Will you quote precisely the lines that run from the top of the material below to the line containing "WGU50121W Down On", both ends included?

------------------------------------------------

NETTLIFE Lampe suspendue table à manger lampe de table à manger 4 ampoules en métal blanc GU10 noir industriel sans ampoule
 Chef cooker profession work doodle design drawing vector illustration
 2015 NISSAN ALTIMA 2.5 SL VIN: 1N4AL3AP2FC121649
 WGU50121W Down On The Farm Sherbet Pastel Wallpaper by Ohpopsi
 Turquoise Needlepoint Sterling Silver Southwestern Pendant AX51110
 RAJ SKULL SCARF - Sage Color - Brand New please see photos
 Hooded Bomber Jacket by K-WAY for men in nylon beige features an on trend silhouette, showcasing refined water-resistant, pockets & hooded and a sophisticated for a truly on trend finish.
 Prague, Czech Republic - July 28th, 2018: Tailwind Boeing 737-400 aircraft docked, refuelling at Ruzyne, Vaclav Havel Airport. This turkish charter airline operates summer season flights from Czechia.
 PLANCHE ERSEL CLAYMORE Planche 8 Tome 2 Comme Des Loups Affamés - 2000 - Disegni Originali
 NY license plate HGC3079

------------------------------------------------

Completed exercise:
NETTLIFE Lampe suspendue table à manger lampe de table à manger 4 ampoules en métal blanc GU10 noir industriel sans ampoule
 Chef cooker profession work doodle design drawing vector illustration
 2015 NISSAN ALTIMA 2.5 SL VIN: 1N4AL3AP2FC121649
 WGU50121W Down On The Farm Sherbet Pastel Wallpaper by Ohpopsi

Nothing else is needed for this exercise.